Nonetheless, Moscow left a significant number of its troops on Georgian territory, in a manifest violation of the August agreement. Worse still, it recognized Abkhazia and so-called South Ossetia, i.e. the Tskhinvali Region, as independent states at the end of August 2008. Moscow’s initial approval and signing of the soon-to-be abandoned Sarkozy Plan was, it turned out, not only a deception of Georgia. It was also designed to mislead the European Union, with which Moscow had wanted to maintain good relations, in that period.
Conclusions
Perhaps, contrary to what most serious analysts have concluded, there was a slim chance that Kyiv might have signed a document with Moscow in Istanbul in the spring of 2022. We will never know for sure. What we do know from recent experience is how and why post-Soviet Russia engages in peace talks. The Kremlin sees such putative deals as one of several instruments in its hybrid warfare against post-Soviet states that do not accept Russian hegemony.

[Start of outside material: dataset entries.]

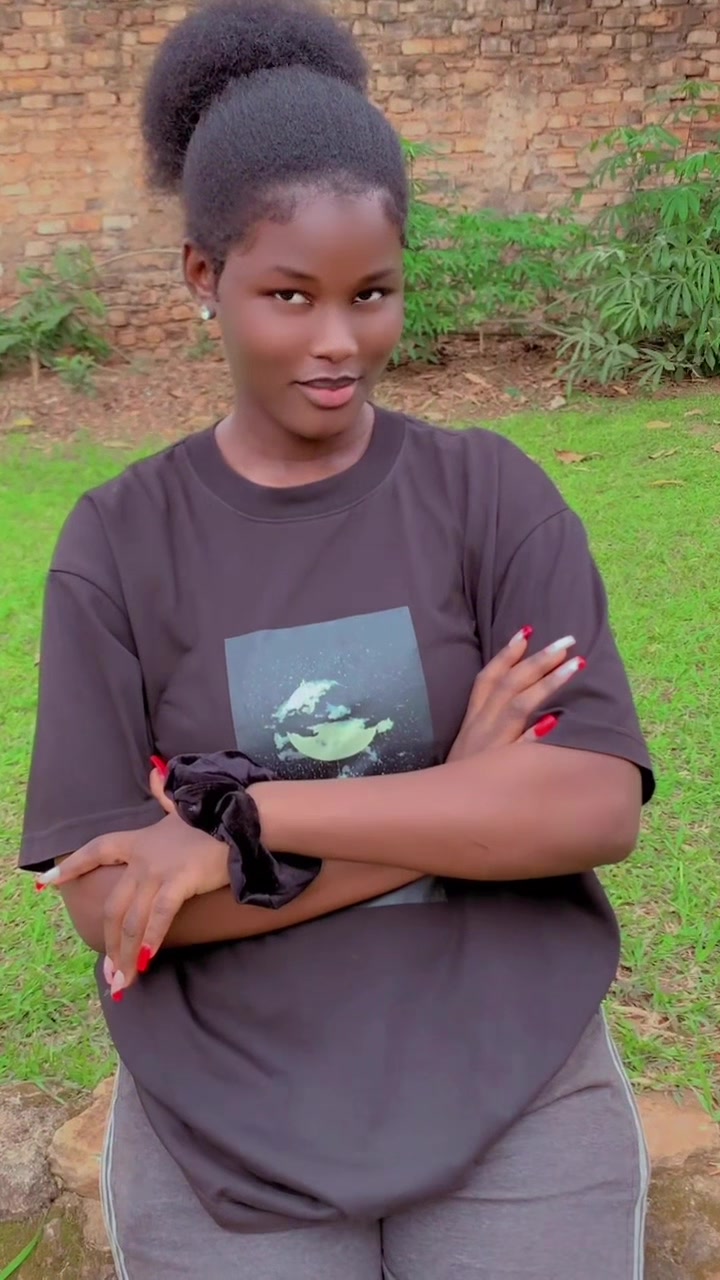 @dark skinned ghal🖤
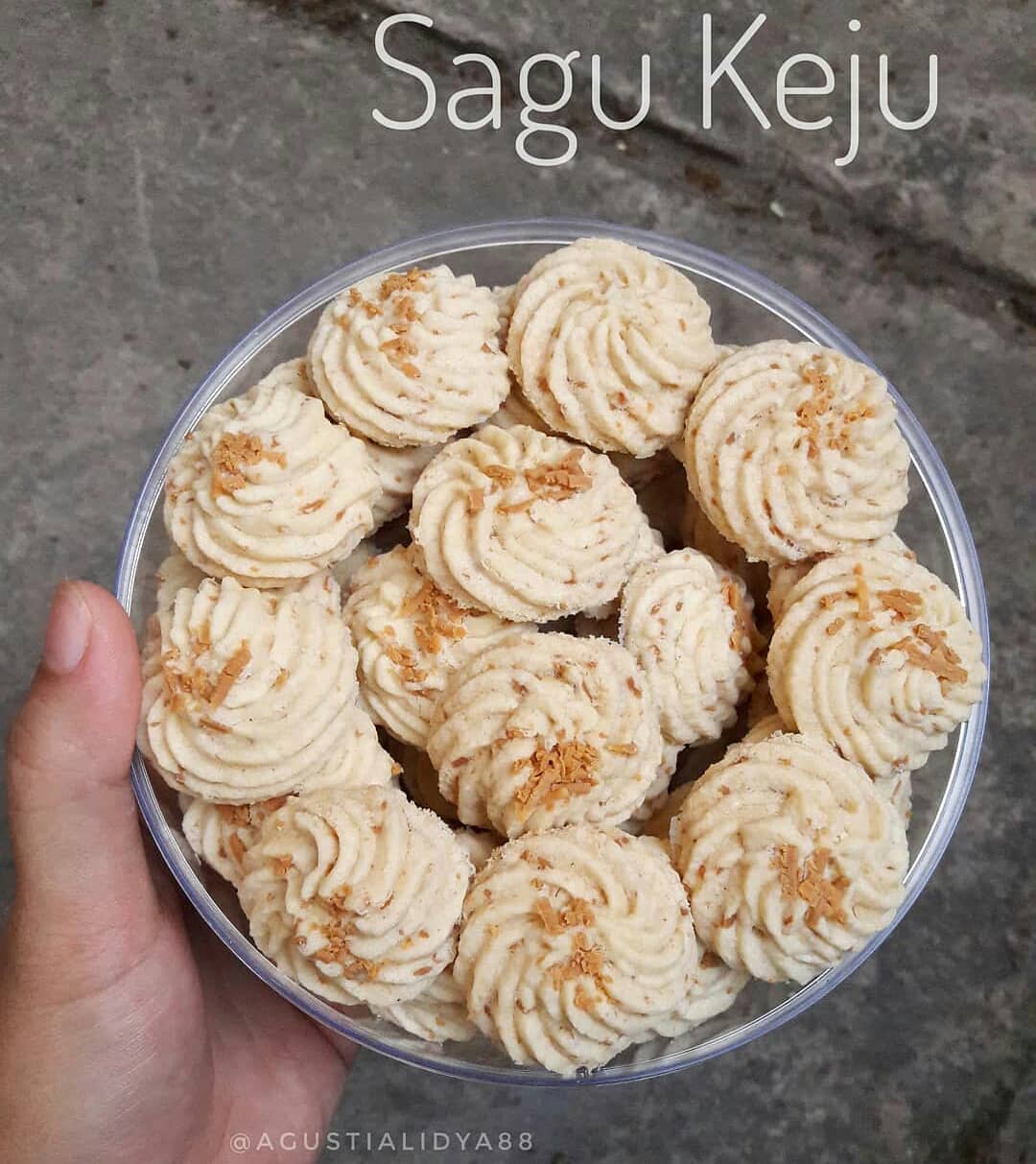 Detail Gambar Kue Sagu Keju Nomer 40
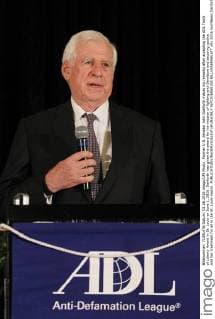 Former U.S. Senator John Danforth makes his remarks after accepting the ADL Torch of Liberty Award in St. Louis on June 1, 2016. Danforth was given the award for his mission of fighting anti-Semitism and securing justice and fair treatment for all in the St. Louis region.  SLP2016060108 BILLxGREENBLATT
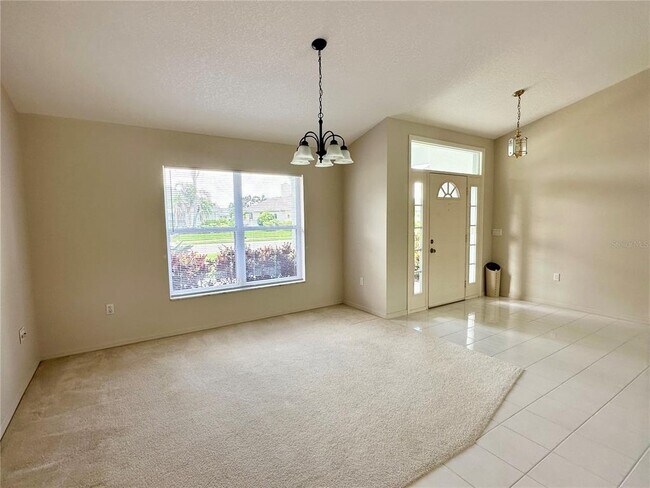 Building Photo - 5024 Southern Pine Cir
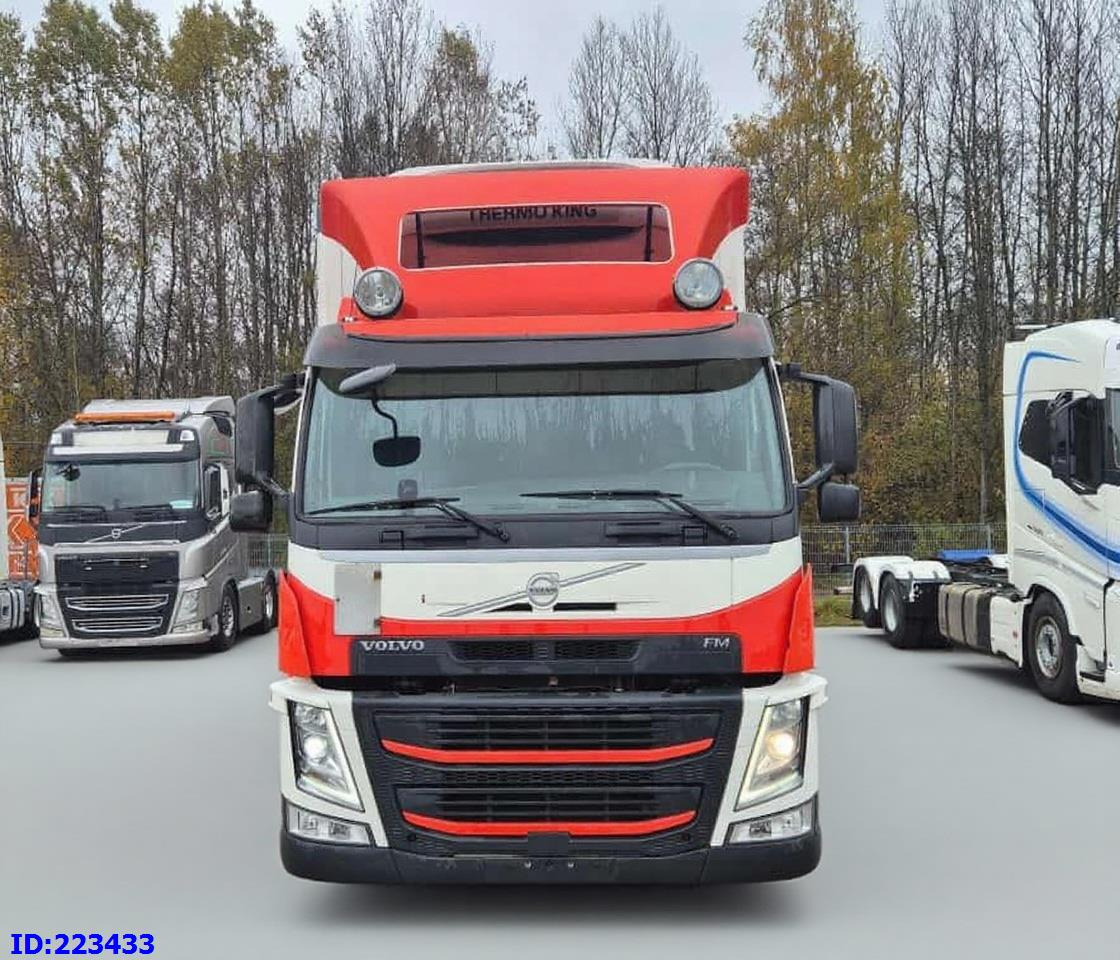 VOLVO FM13 500HP Thermoking Steering Axle - Camion frigider: Foto 2 VOLVO FM13 500HP Thermoking Steering Axle - Camion frigider: Foto 2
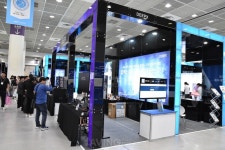 딥엑스, AI EXPO KOREA 2025서 DX-V3 등 AI 반도체 제품군 선보여... AI 알고리즘 연산 처리 지원!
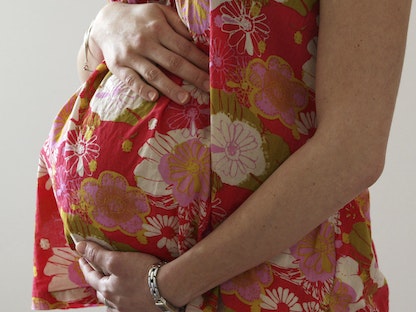العلاج الجديد يُساعد النساء على الحمل بعد انقطاع الطمث المبكر - REUTERS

We would probably have seen Russian behaviour at and after the Istanbul talks that follows a familiar pattern from the past: having invaded the post-Soviet state, Moscow pushes through a slanted agreement at gunpoint. As the two Minsk Agreements indicate, an Istanbul agreement would have in itself already been a transmogrification of international law. In a second step, Moscow would not implement some crucial points even of the imbalanced document. Under some pretext, Moscow would de facto withdraw its approval for the agreed deal while continuing to insist on implementation of those points that it favours.
Moscow’s signing of a document at Istanbul in 2022 – if one allows for the possibility of such scenario at all – might have resulted in temporary lowering of tensions. However, judging from previous Russian behaviour, the apparent deal would have, as in the case of the Minsk accords, resulted in another subversion of international law. Above all, a hypothetical Istanbul accord would, most likely, not have been observed by Moscow. It would have neither prevented Russia from further meddling in the internal affairs of former-Soviet republics, nor led to a decline in Russian military aggressiveness and territorial appetite. On the contrary, the next Russian invasion has typically been worse than the last.